Work request:
Stop after the line with "Thank you very". Up to that point, output every line of the listing below exactly from the first one onward, skipping pictures.

Data section:

________________

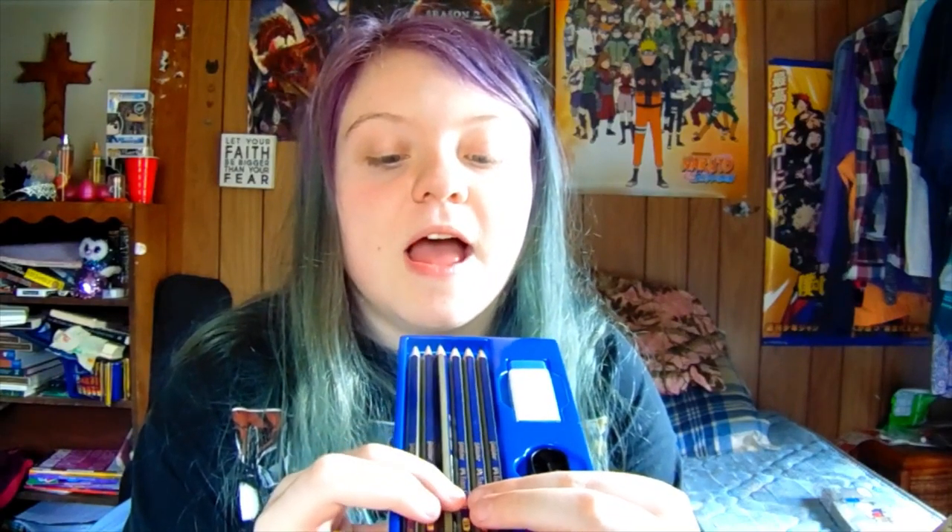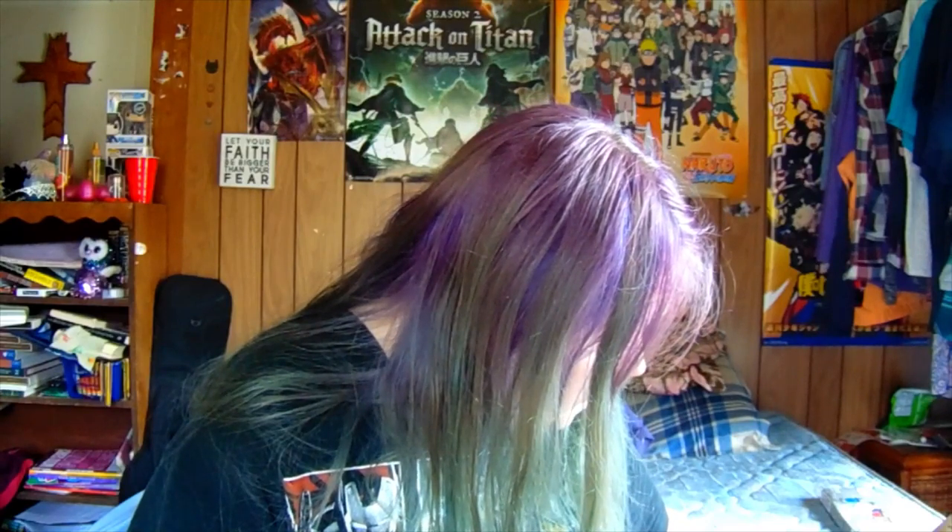This is a Faber-Castell sketching set that I opened. I literally only bought this sketching set for the eraser because it was blue and I haven't owned a blue eraser like that before. It comes with six pencils, a pencil sharpener, and the eraser. The pencils come in 2H, HB, B, 2B, 4B, and 6B, and the eraser is of course blue. I don't have the original packaging because I threw that away. That's what I got.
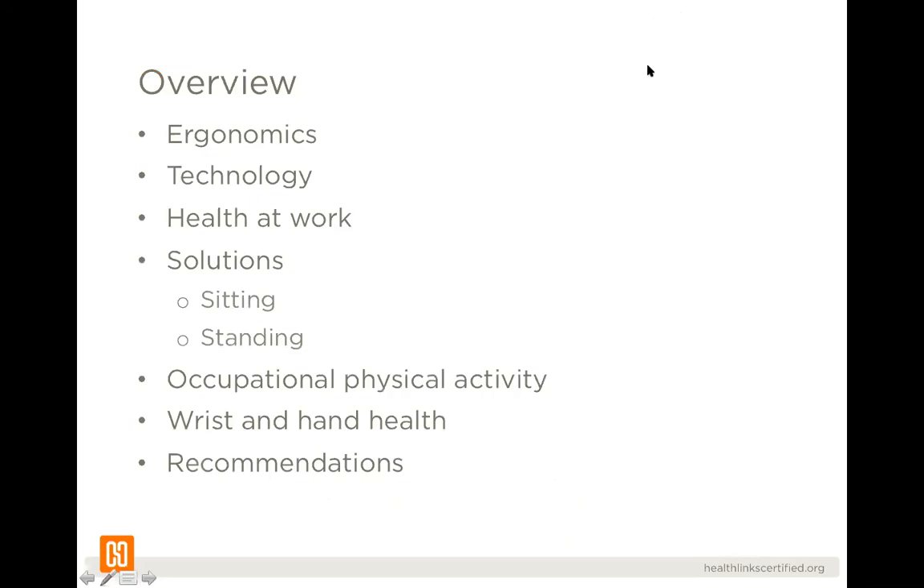Thank you very much for having me. I'm excited to speak to you all today about occupational ergonomics, and I'd like for you to come away from this presentation with tools you can use right away to increase physical activity in your office life. I'll cover ergonomics and its definition, technology in the workplace and what health looks like at work, solutions such as sitting and standing, occupational physical activity, and wrist and hand health.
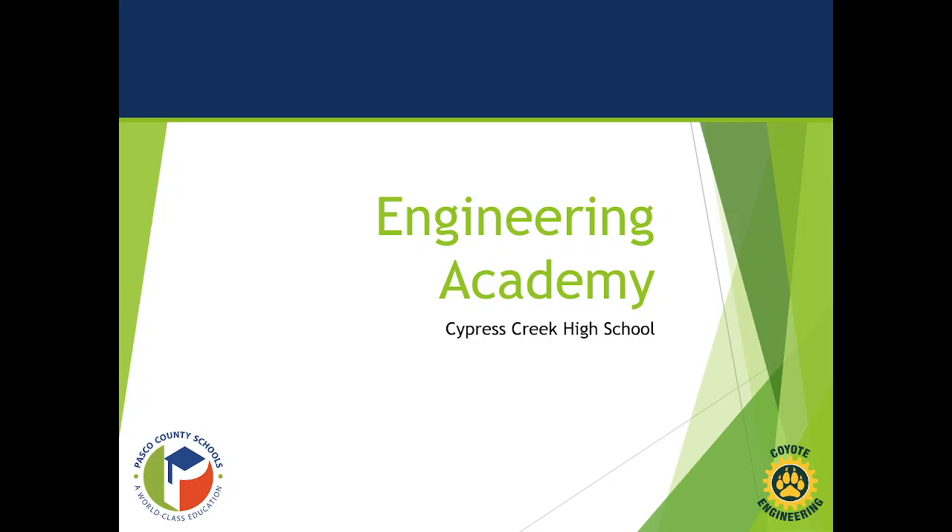Hello, and thank you for joining me while I discuss the Engineering Academy at Cypress Creek High School.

________________

Result of the task:
This is a Faber-Castell sketching set that I opened. I literally only bought this sketching set for the eraser because it was blue and I haven't owned a blue eraser like that before. It comes with six pencils, a pencil sharpener, and the eraser. The pencils come in 2H, HB, B, 2B, 4B, and 6B, and the eraser is of course blue. I don't have the original packaging because I threw that away. That's what I got.
Thank you very much for having me. I'm excited to speak to you all today about occupational ergonomics, and I'd like for you to come away from this presentation with tools you can use right away to increase physical activity in your office life. I'll cover ergonomics and its definition, technology in the workplace and what health looks like at work, solutions such as sitting and standing, occupational physical activity, and wrist and hand health.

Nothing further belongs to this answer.